What you have to do: In the entries below, find the line with "Solved Consider The" and the line with "Sonic Racing CrossWorlds"; copy them and every line between them exactly, but not the pictures.

Excerpted data:
__________________________________________________

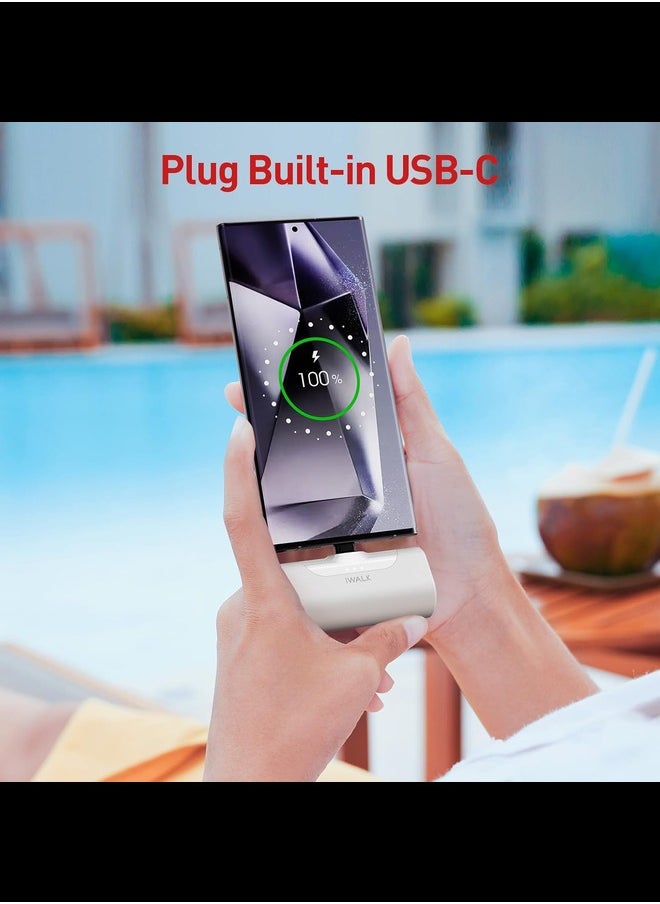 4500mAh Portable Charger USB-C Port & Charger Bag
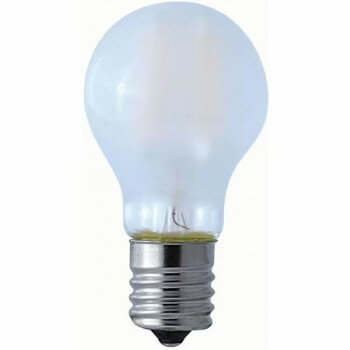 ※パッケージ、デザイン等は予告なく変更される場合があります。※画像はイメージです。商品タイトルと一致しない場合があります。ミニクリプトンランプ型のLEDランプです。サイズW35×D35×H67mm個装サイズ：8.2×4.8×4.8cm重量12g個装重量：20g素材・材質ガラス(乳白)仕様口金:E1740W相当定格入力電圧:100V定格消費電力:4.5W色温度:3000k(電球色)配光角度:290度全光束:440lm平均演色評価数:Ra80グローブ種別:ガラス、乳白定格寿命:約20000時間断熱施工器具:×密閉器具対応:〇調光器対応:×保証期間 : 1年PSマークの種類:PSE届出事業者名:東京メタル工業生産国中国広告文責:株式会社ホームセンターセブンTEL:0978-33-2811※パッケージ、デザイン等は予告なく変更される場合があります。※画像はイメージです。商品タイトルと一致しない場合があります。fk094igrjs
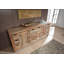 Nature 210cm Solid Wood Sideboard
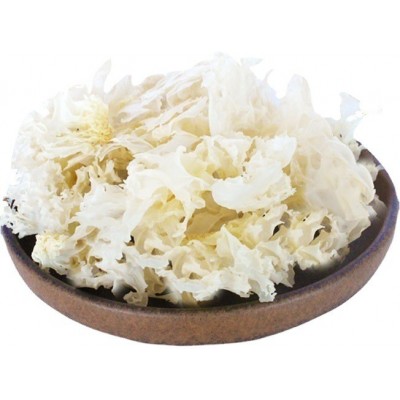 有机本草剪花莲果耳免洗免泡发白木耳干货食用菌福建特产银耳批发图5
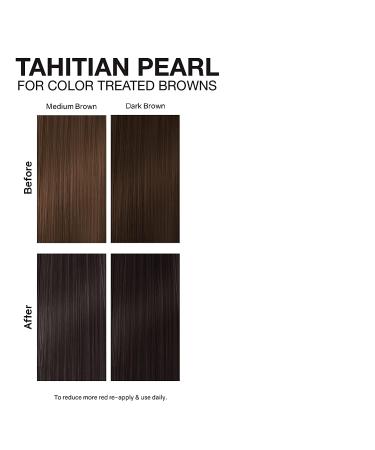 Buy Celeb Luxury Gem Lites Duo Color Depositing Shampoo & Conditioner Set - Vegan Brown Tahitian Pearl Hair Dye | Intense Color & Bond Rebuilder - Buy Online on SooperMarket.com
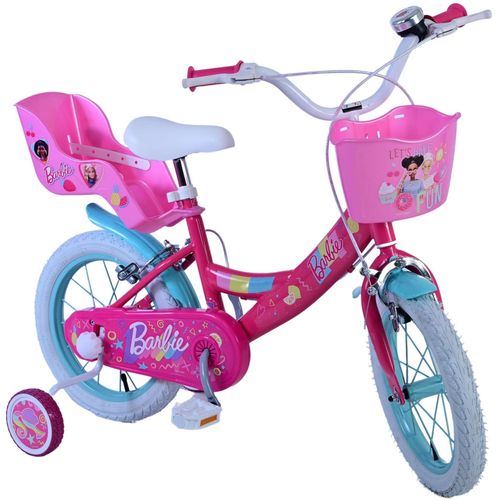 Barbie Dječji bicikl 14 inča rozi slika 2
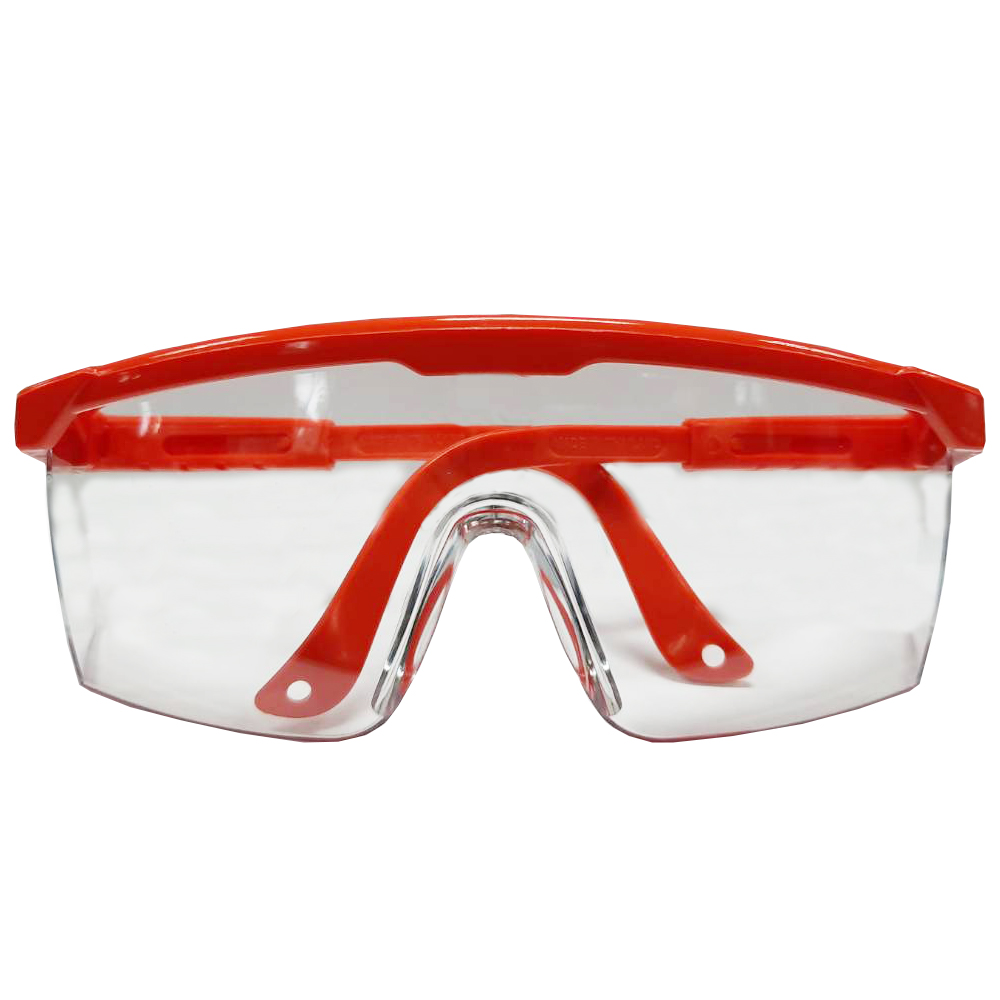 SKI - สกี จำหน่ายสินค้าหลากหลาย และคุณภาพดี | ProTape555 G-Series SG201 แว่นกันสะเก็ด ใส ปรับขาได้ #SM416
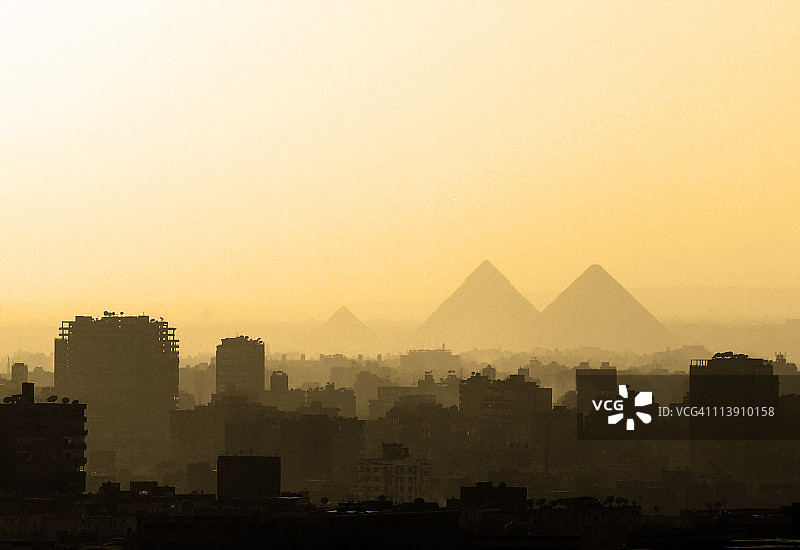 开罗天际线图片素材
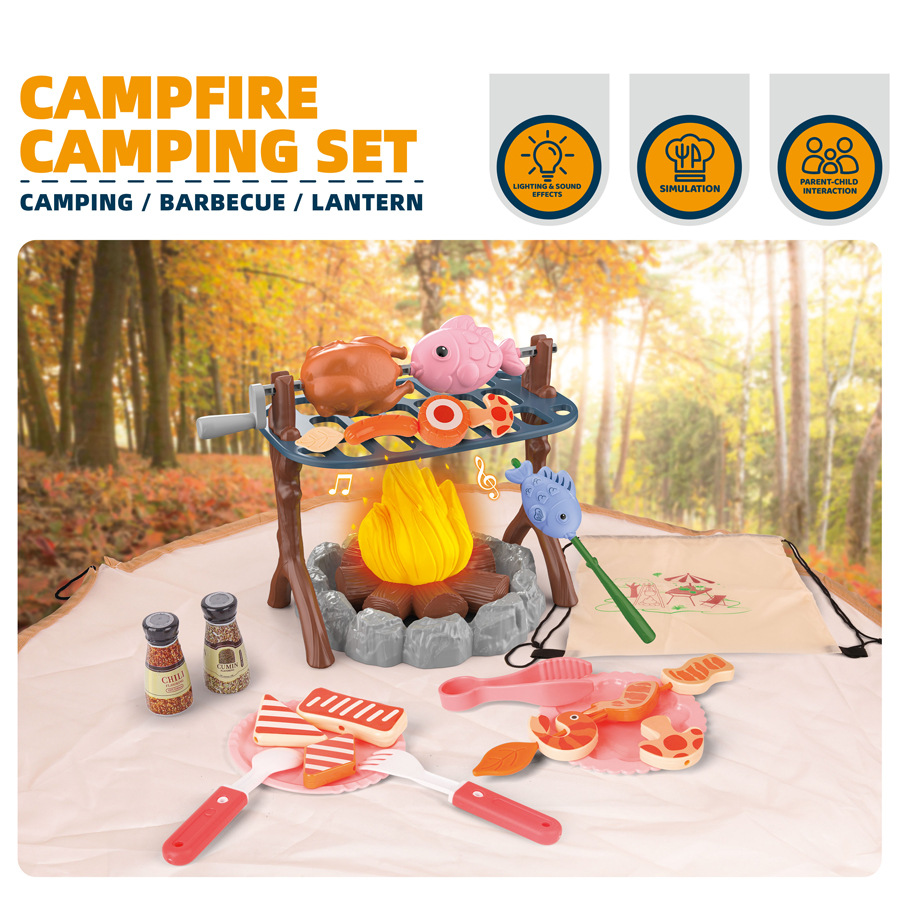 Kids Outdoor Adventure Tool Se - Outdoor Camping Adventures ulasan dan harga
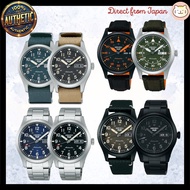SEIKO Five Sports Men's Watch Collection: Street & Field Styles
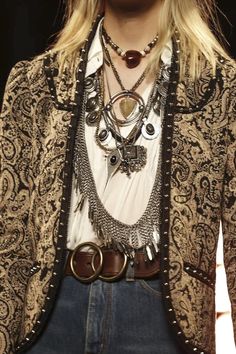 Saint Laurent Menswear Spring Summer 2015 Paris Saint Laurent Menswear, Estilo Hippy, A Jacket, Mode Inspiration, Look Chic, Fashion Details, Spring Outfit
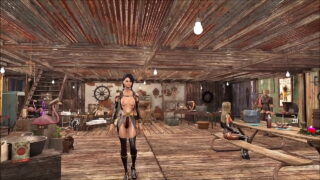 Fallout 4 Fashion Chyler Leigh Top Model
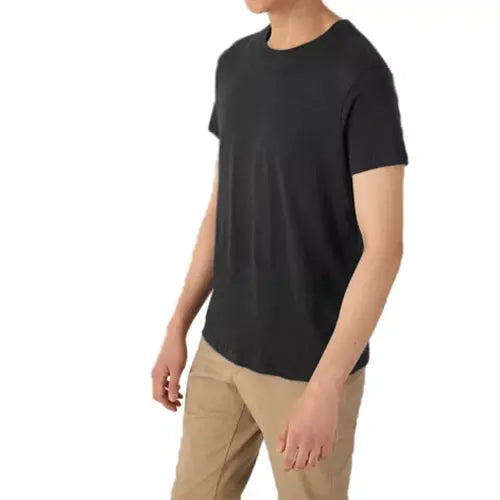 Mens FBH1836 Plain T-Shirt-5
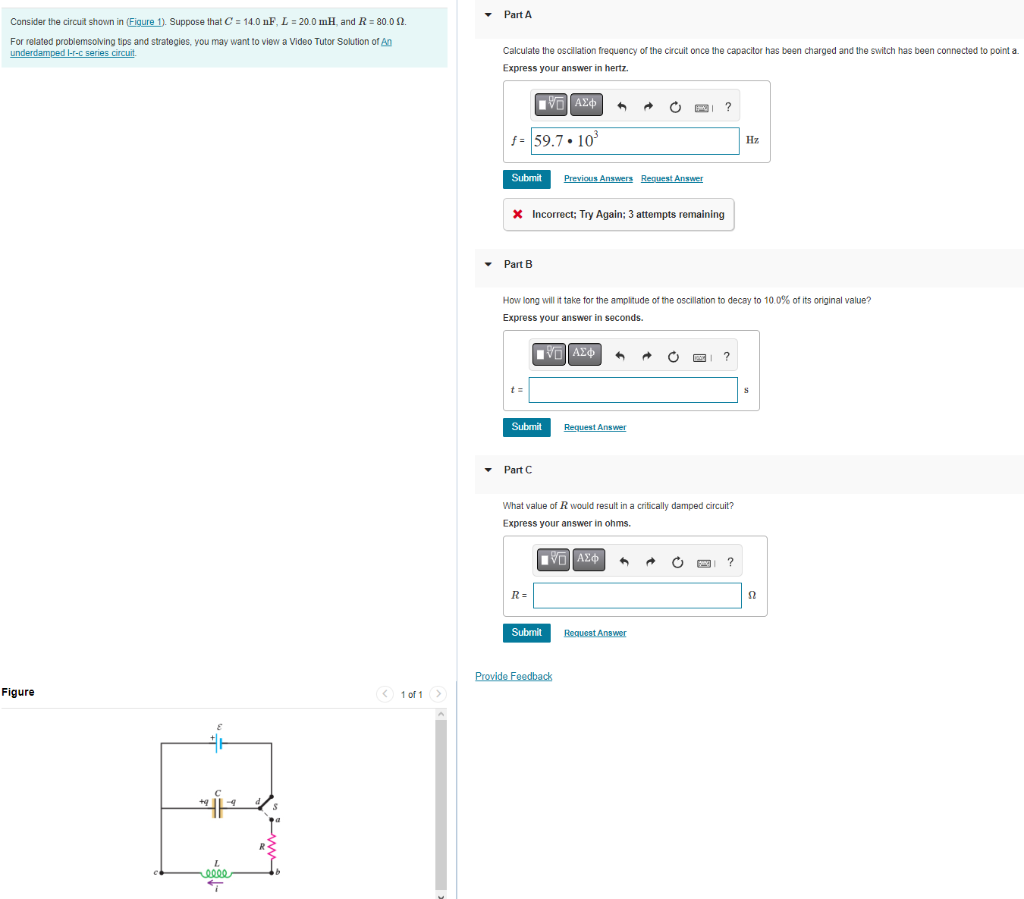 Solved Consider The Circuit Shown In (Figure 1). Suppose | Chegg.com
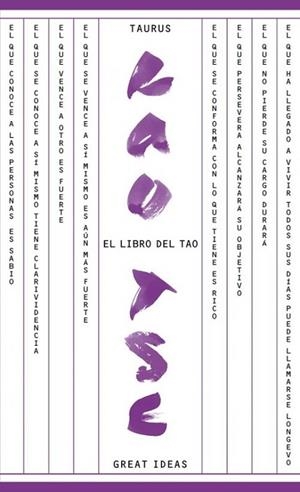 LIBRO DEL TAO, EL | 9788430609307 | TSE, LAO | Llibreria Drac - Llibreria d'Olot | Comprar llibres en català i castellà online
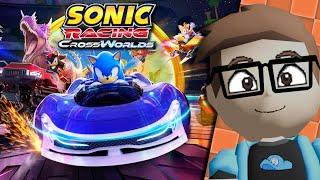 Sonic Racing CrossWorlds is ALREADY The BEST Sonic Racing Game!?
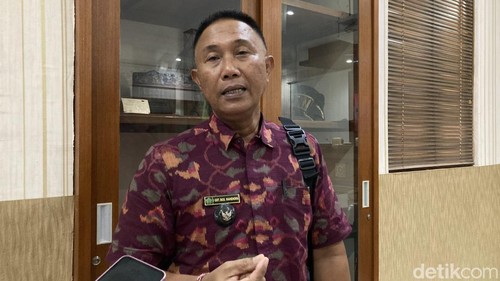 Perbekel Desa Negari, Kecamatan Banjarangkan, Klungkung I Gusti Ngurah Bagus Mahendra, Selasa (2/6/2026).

__________________________________________________

Result for this task:
 Solved Consider The Circuit Shown In (Figure 1). Suppose | Chegg.com
 LIBRO DEL TAO, EL | 9788430609307 | TSE, LAO | Llibreria Drac - Llibreria d'Olot | Comprar llibres en català i castellà online
 Sonic Racing CrossWorlds is ALREADY The BEST Sonic Racing Game!?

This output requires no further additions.